# Intro

The task consists of classifying images into those that contain St. George and those that don't.
I will train several pre-trained models on the given data.

# Data Exploration

Let's take a look at the images

In [1]:
import pandas as pd
import requests
import itertools
import torch
import torch.nn as nn, torch.optim as optim
from torchvision import models, transforms, datasets
import albumentations as alb
import albumentations.augmentations.transforms as aat
import numpy as np
from PIL import Image
from sklearn.model_selection import train_test_split
from tqdm import tqdm

In [2]:
df_george = pd.read_csv("./image_urls/georges.csv")
df_george.head()

Unnamed: 0,https://i.pinimg.com/736x/17/0d/5b/170d5b93d80d247be60f22ca1216bef7.jpg
0,https://i.pinimg.com/736x/47/b9/9a/47b99a2ddcd...
1,https://i.pinimg.com/736x/90/e8/90/90e890f054b...
2,https://i.pinimg.com/736x/0a/71/6f/0a716f6f14e...
3,https://i.pinimg.com/736x/f1/95/be/f195bea0b78...
4,https://i.pinimg.com/736x/78/da/54/78da54b8fa9...


In [None]:
df_non_george = pd.read_csv("./image_urls/non_georges.csv")
df_non_george.head()

In [5]:
george_links = set(itertools.chain(*pd.read_csv("./image_urls/georges.csv").values.tolist()))
non_george_links = set(itertools.chain(*pd.read_csv("./image_urls/non_georges.csv").values.tolist()))

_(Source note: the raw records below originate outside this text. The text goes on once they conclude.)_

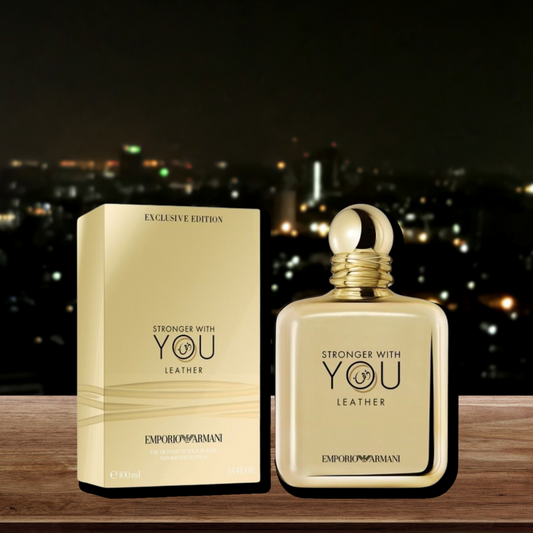Emporio Armani Stronger With You Leather For Men Eau De Parfum 100ml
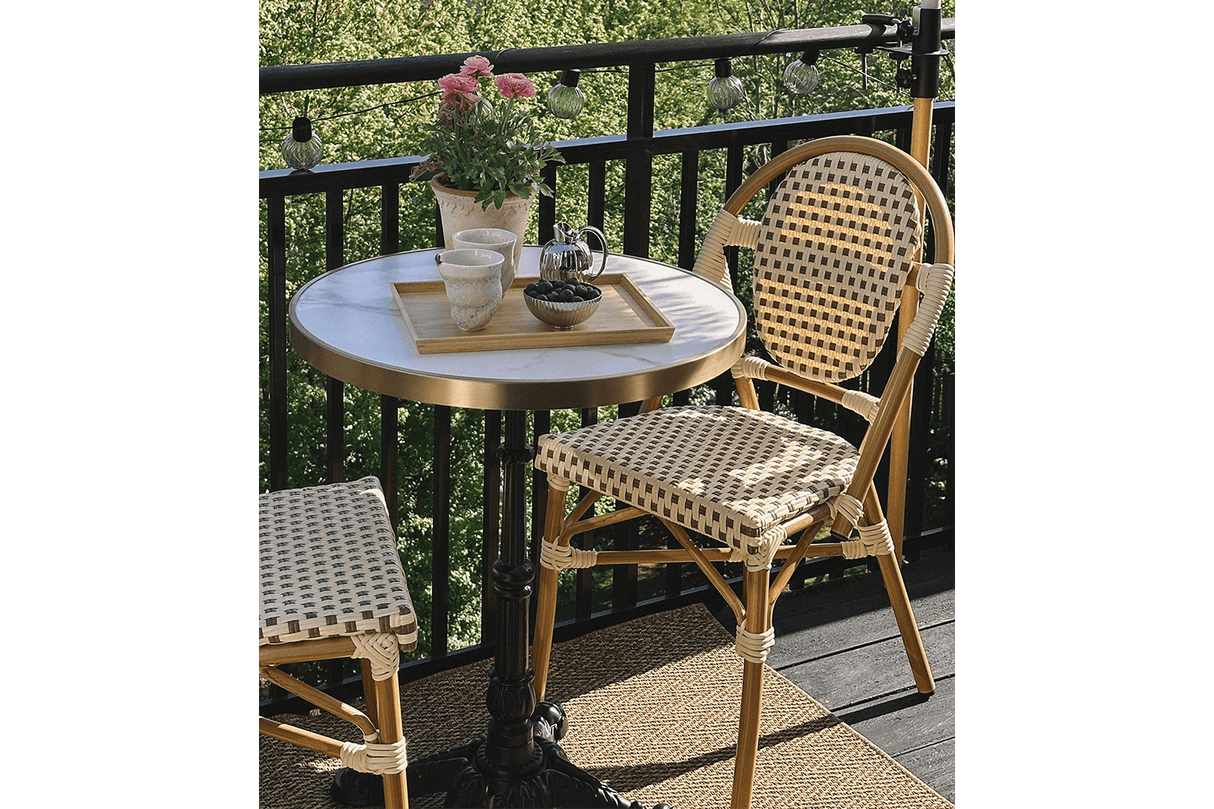 Colette caféstol med fransk flätning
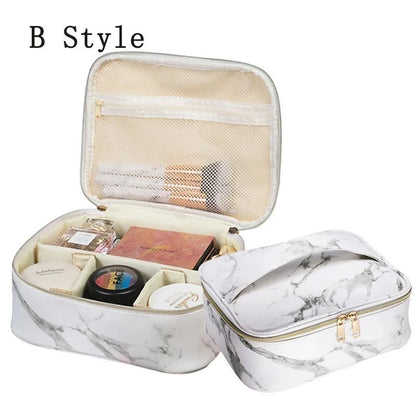 New Female Fashion Professional Makeup Suitcase for Cosmetics Case Marble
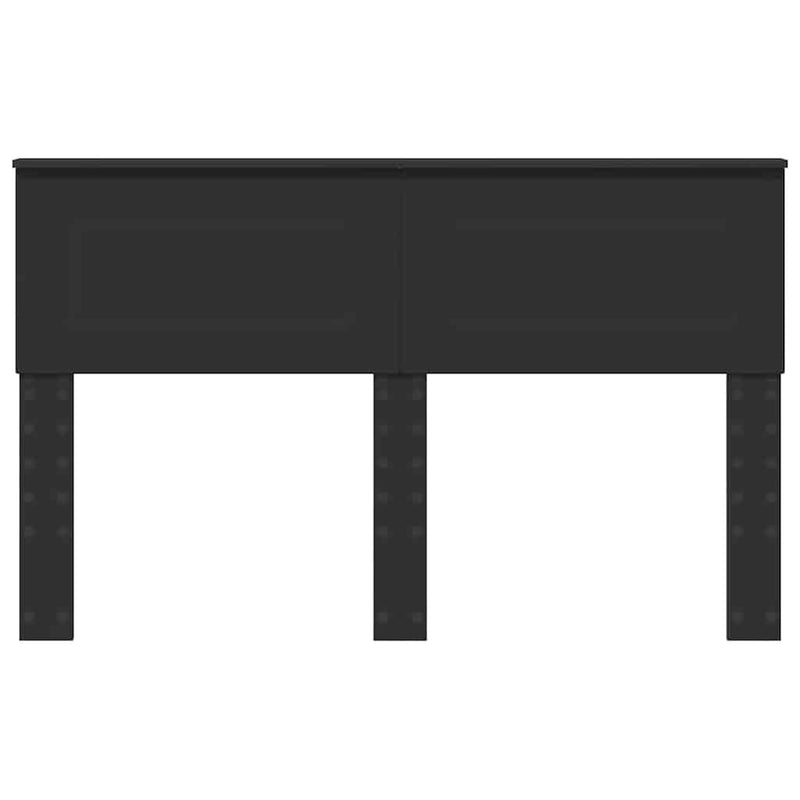 vidaXL Fejtámla fejtámlával Fekete tölgy 140 cm Faanyag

Let's check if there are some bad photos, (photos both classified as george appearing and george not appearing).

In [None]:
miss_labeled = george_links.intersection(non_george_links)
miss_labeled

We can notice there are few links in both classes. Let's ignore these links

In [7]:
george_links.difference_update(miss_labeled)
non_george_links.difference_update(miss_labeled)

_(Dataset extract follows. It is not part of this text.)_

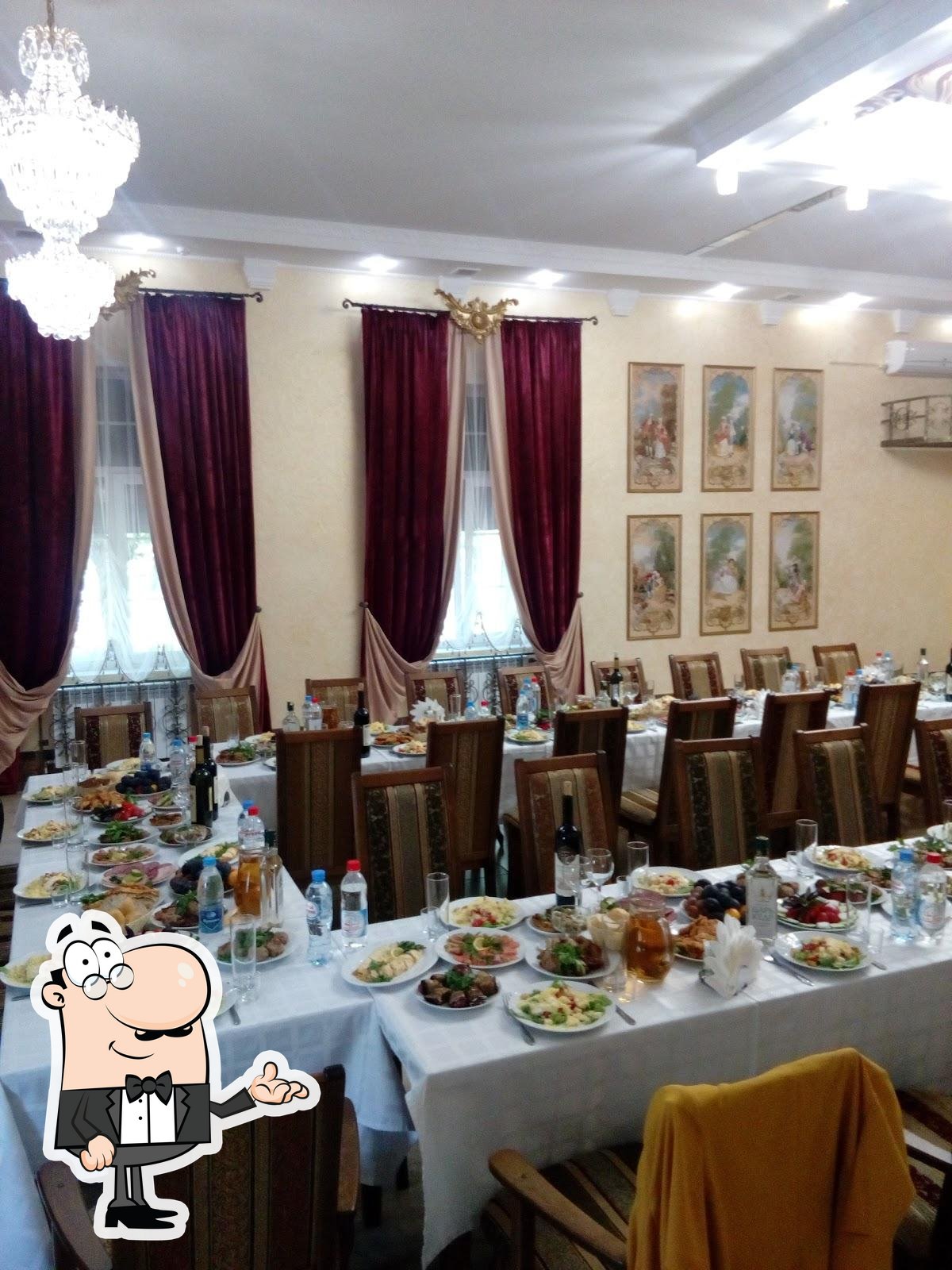 Посмотрите на внутренний интерьер "Русский бунт".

assert len(set(george_links).intersection(set(non_george_links))) == 0

In [8]:
len(george_links), len(non_george_links)

(2349, 3328)

In [9]:
data = []
for link in george_links:
    data.append([link, 0])
for link in non_george_links:
    data.append([link, 1])
data = np.array(data)
data.shape

(5677, 2)

### Let's now save

In [None]:
! mkdir data
! mkdir data/train
! mkdir data/test
! mkdir data/train/george
! mkdir data/train/non_george
! mkdir data/test/george
! mkdir data/test/non_george

In [None]:
def save_image(path: str, url: str, idx: int) -> None:
    response = requests.get(url)
    if response.status_code == 200:
        image_data = response.content
        with open(f"{path}/img_{idx}.jpg", 'wb') as file:
            file.write(image_data)

In [None]:
train_data, test_data = train_test_split(data, random_state=42)

In [None]:
for idx, (link, label) in enumerate(train_data):
    if label == '0':
        save_image(path='data/train/george', url=link, idx=idx)
    elif label == '1':
        save_image(path='data/train/non_george', url=link, idx=idx)

In [None]:
for idx, (link, label) in enumerate(test_data):
    if label == '0':
        save_image(path='data/test/george', url=link, idx=idx)
    elif label == '1':
        save_image(path='data/test/non_george', url=link, idx=idx)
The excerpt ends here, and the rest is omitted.